Stephen Waite, Writtle College

Writtle College
Stephen Waite

“I would say I wasn’t your typical university attendee,” said Stephen Waite, the new principal of Writtle College. “I’m an ex-secondary modern student who went to a technical college originally to do an ordinary national diploma in science, but studied A levels because the programme had closed. That’s how it started.” Dr Waite, who took over his role at the beginning of April, said it was a combination of his interest in life science and middle-distance running that encouraged him to attend university. “I chose the University of Sussex [because] I had heard that David Bedford [a former 10,000m world-record holder] had been there at some point. That turned out not to be true!” He said that what attracted him particularly to Writtle - which specialises in land-based subjects such as agriculture - was the staff and students’ “pride to be involved with the institution”. “When I was here for the interview, I made a point of talking to them,” he said. “By and large they were extremely complimentary about the experience they got at Writtle, and there was a sense of loyalty to the college that you don’t always get among staff or students at other institutions.” Dr Waite completed his PhD at Sussex and has worked at numerous institutions including the universities of Brighton and Westminster.

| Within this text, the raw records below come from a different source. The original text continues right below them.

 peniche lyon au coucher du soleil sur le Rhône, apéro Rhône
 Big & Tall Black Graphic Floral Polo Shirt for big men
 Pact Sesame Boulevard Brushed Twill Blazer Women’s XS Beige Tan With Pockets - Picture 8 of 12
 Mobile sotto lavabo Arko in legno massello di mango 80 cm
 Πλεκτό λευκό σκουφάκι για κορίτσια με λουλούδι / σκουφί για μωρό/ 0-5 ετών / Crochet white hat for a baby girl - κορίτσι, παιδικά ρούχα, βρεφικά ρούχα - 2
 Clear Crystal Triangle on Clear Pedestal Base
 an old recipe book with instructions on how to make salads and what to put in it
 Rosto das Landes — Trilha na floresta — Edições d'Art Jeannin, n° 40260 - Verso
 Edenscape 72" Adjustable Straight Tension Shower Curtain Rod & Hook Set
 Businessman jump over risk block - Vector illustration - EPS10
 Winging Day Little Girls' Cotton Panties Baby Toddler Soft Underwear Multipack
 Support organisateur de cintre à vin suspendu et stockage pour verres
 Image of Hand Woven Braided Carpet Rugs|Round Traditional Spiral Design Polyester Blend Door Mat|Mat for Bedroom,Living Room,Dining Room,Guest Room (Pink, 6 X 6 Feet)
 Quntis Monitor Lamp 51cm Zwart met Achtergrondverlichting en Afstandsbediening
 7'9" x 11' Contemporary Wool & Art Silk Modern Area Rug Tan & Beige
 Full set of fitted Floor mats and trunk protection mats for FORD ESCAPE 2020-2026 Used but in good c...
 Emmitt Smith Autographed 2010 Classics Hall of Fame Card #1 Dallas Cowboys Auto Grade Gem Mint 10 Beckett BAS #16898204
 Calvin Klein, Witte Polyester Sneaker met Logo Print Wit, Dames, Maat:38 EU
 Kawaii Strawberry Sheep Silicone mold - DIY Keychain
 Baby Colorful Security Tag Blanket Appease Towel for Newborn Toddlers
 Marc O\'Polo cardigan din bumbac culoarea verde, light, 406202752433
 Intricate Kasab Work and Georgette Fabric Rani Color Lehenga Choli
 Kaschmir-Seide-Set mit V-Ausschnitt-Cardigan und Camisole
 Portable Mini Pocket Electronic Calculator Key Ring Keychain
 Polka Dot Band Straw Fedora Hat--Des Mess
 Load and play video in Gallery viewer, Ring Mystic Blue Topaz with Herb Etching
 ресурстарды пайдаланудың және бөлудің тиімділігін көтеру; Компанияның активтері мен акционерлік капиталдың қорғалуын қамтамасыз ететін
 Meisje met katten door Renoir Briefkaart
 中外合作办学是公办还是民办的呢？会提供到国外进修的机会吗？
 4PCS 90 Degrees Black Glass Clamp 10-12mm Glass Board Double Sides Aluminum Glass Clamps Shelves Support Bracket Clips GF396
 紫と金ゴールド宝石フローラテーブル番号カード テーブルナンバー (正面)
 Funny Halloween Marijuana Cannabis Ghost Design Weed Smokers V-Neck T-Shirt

Ed Louis, University of Leicester

University of Leicester
Ed Louis

The University of Leicester has appointed Ed Louis the director of its new Centre for Genetic Architecture of Complex Traits. The centre aims to improve the understanding of evolutionary aspects of adaptation in populations and the nature of disease, as well as helping to build tools for use in other disciplines. Professor Louis returns to Leicester having previously served as professor of genetics, director of research for biology and founding director of the Institute of Genetics at the university. “One of the big problems in modern biology is the understanding of the underlying genetics of the traits (phenotypes) we observe in organisms, from disease in humans to disease resistance in parasites to productivity in agriculture,” he said. “The research of the centre will concentrate on exploring and exploiting variation in yeast to understand the genetics of complex traits in yeast and other organisms, to build tools for use in other systems and to develop better yeast.” Professor Louis obtained a BSc in biology and mathematics from Clarkson University in New York State and a PhD from the University of California, Berkeley. He has held positions at Brandeis University in Massachusetts and at the universities of Oxford and Nottingham.

Other changes

Jack Zipes, a world-renowned children’s literature expert, has joined Anglia Ruskin University as Leverhulme visiting professor of storytelling, fairy tales and fantasy. In addition to his scholarly work, which includes editing the Oxford Companion to Fairy Tales and being the general editor of The Norton Anthology of Children’s Literature, Professor Zipes is an active storyteller and has worked with children’s theatres across Europe and the US.

Tony McNally has been announced as the chair in nanocomposites at the University of Warwick’s manufacturing group (WMG). Professor McNally, who joined WMG on 1 March from Queen’s University Belfast - where he was associate professor in the School of Mechanical and Aerospace Engineering and director of the Polymer Processing Research Centre - will head a new research team within the field.

Rebecca Jester has been appointed the new head of department for adult nursing and midwifery studies at London South Bank University. Professor Jester, who began her role at the beginning of April, will lead and manage the adult nursing and midwifery department team.

The vice-chancellor of the University of Winchester has been appointed deputy lieutenant of Hampshire. Joy Carter was handed the position in recognition of her significant contribution to local, county and national life.

Imperial College London has appointed G. “Anand” Anandalingam, an expert in electronic markets and telecommunications networks, dean of its business school and professor of management science. Currently dean of the Robert H. Smith School of Business at the University of Maryland, Professor Anandalingam will take up his role at Imperial on 1 August.